As we walked on, our feet scuffing through piles of crinkled leaves, I realised that what I’d said wasn’t true, that I remembered
all too well what life had been like before her. Even here, on these paths, I could see a shadow of myself running alongside
us, alone. Those Saturdays weren’t so long ago, the Christmas days jogging past the lit-up windows of the red-brick houses
until I got to the Heath, where I could crunch across the frosty grass, just me, my feet and my breath.
I turned to Katie then because I wanted to see her, as well as feel her, to know that she was really, really there. I didn’t
want to remember my life before her — that was what I’d meant to say, but I could never say that. I could never tell her how
walking these same paths together was like erasing all those other times, creating something new. I gripped her hand tighter.
“I’m rethinking the bangers-and-mash decision,” she said.
“Let me guess. Even though you’ve been planning on bangers and mash all day, now you’re not sure if cottage pie is a better
option?”
“How did you know?”
“I pay attention. I want to know everything there is to know about you, Katie Wright.”
As we walked out of the forest and back onto the main path I thought about how true that was, that every single detail she
told me was logged somewhere in my mind, that I never really forgot anything.
“And do I know everything about you, JP Whelan?” “You do indeed, my love. You know everything that matters.”
***
Walking along Downshire Hill, we played the game I always played. It was more fun playing it with Katie.
“I’d like to live in that one,” Katie said. “That’s my favourite.”
The house she pointed at was sandblasted brick and had a big bay window with ferns spilling from a terracotta plant box.
“It’s not the one you picked last time.”
“Didn’t I?”
“No, you said this one.”
We stopped outside the house with creeper the colour of holly and a shiny black door with a silver knocker. Today it was half
open, so we could see a child’s red welly lying on the wooden floor of the hall. This house had always been my favourite of
them all.
“Oh,” Katie said, pushing me to move on as we heard the family’s voices getting louder from inside, “I like them all and they’re
all so different. That’s what makes it so hard to choose.”

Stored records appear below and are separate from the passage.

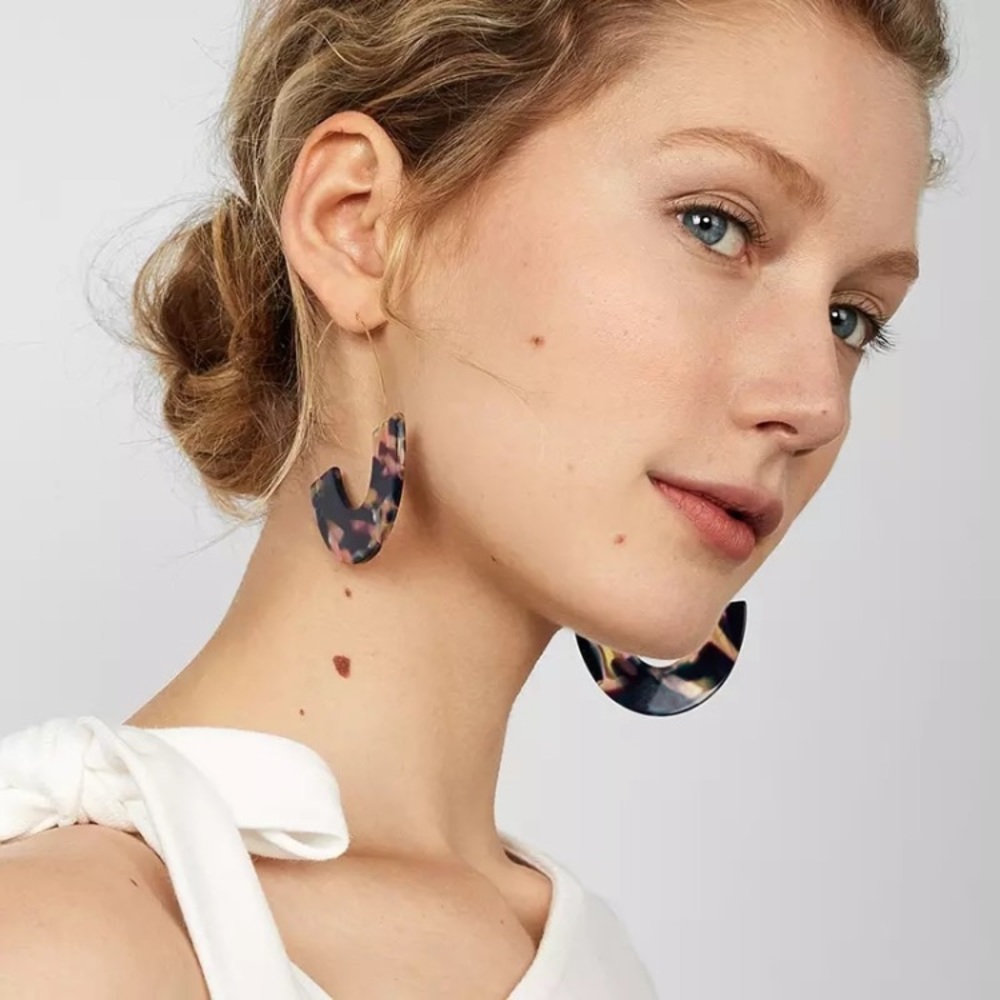 Tortoiseshell Hoop Dangle Chic Statement Earrings - Picture 6 of 7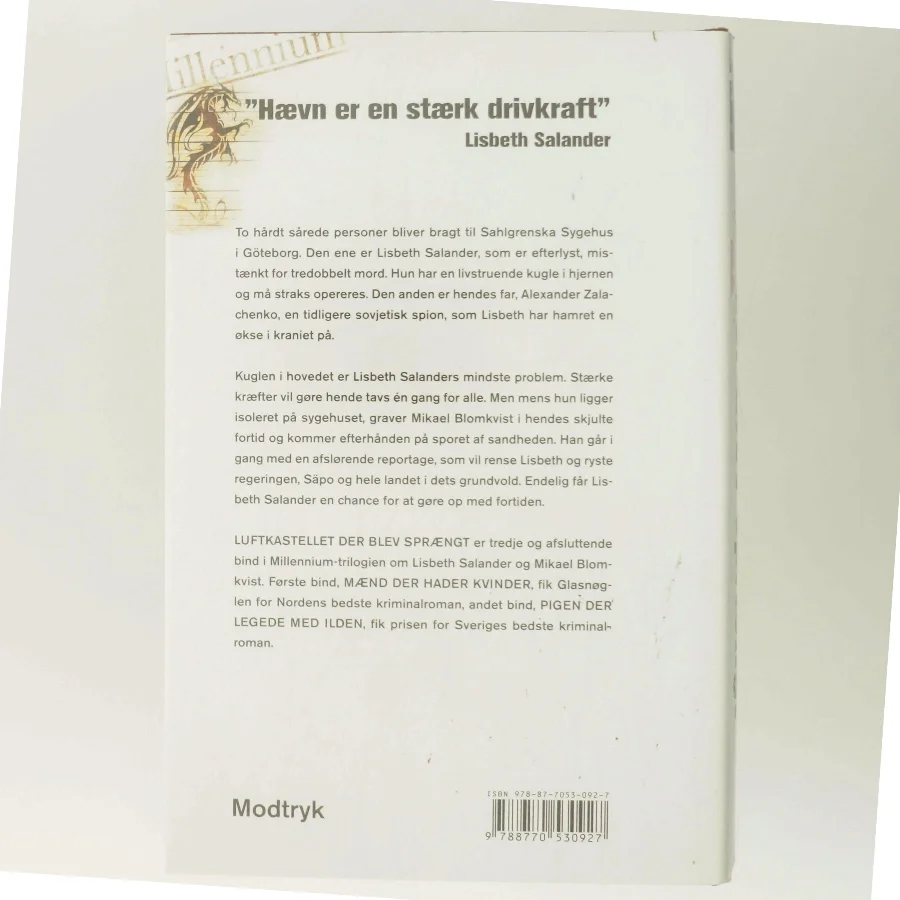 Luftkastelletderblevsprngt Stir up a Hornets' Nest of Girl. Shi Dige Larsen. the Danish Original. Hardcover](chinese Edition) af Stieg Larsson (Bog)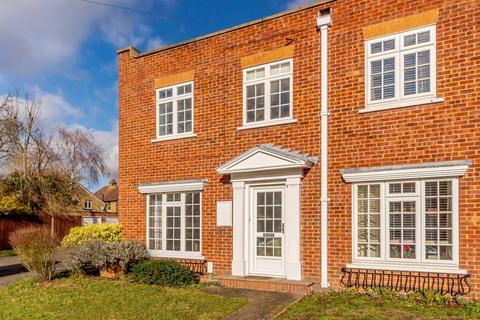 undefined, Dunboe Place, Shepperton, TW17
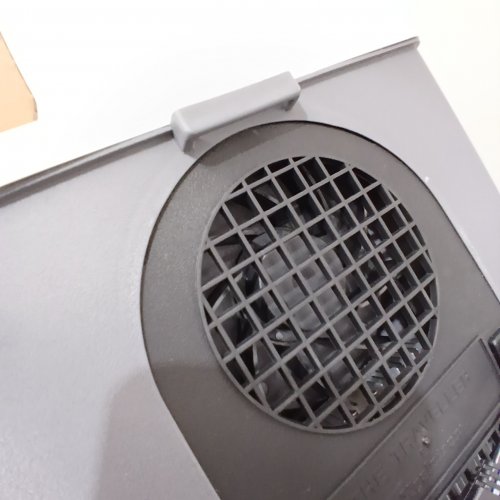 KOOLATRON TRAVELER III P9 THERMOELECTRIC ICELESS COOLER/WARMER - 9.3L - GREY image 2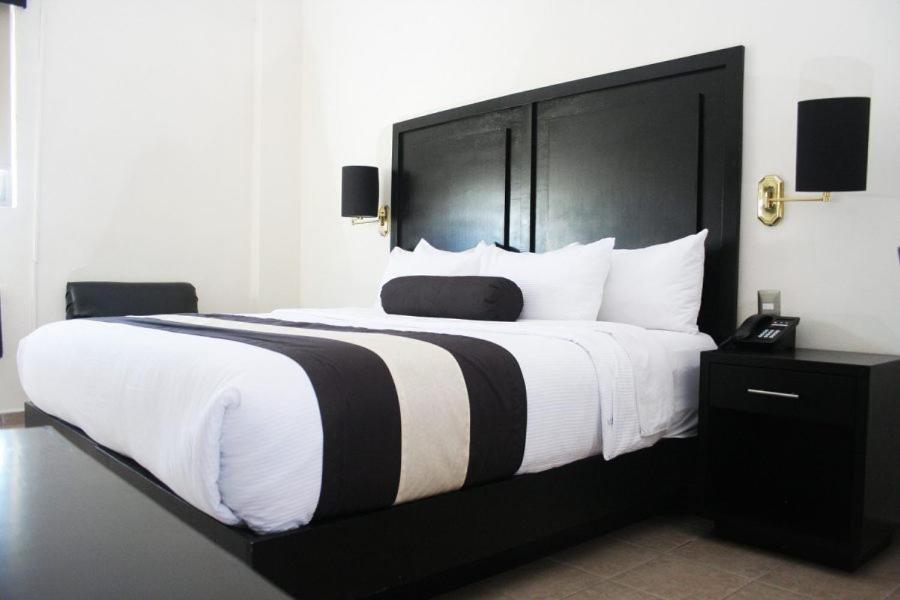 Hotel El Camino Inn & Suites Reynosa Exterior photo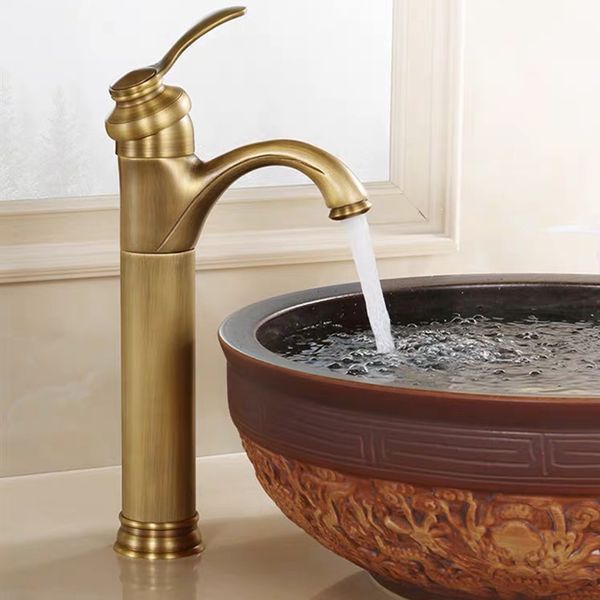 Rubinetti a base di bassacasina nera/antica a manico singolo rubinetto da bagno a manico singolo di acqua calda per miscelare il lavello mixer del rubinetto tap Torneira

She was right and that was what I loved about the road too, that each house had something to like all of its own. We passed
the bright white one with the new glass front that had taken nearly all of last year to renovate. Next to it was the cream one that looked more like a cottage, with its bright blue
door and matching window frames.
“Oh … I’d forgotten about this one. It’s so cute, maybe this is my favourite,” Kate said. “I can’t make up my mind.”
“You have to pick,” I said. “That’s the whole point.”
“Why? It’s not like we’re about to buy one.”
A thought flicked across my mind, something my boss Peter had mentioned about a possibility of a restructure next year, how
it might mean the potential of a promotion for someone on the team. It was a long shot, way too early to say anything about
it.
“Not today, Katie, but some day, maybe.”
She was looking away from me, towards one of the houses, and for a second I wondered if she’d heard the seriousness in my
voice and if it had scared her. When she turned back to me, she was smiling. “Well, in that case,” she said, “I’d better start
making up my mind.”
I put my arm around her shoulders and pulled her closer. I had that feeling again, the one I still wasn’t used to, like a
wave of something warm filling me that, even after it was gone, seemed to cling to my insides. “OK, then, but wait,” I said.
“You like the one on the corner as well. Don’t make up your mind until we get to it.”
“It’s funny,” she said, “the way you remember them all. It’s like there’s a blueprint in your head or something.”
She didn’t know how right she was, how on the nights when sleep didn’t come it was these houses I’d count. I hadn’t told her
that knowing this street was here, and always would be, made everything better somehow. I wondered what she’d think if I tried to tell her, if she’d understand.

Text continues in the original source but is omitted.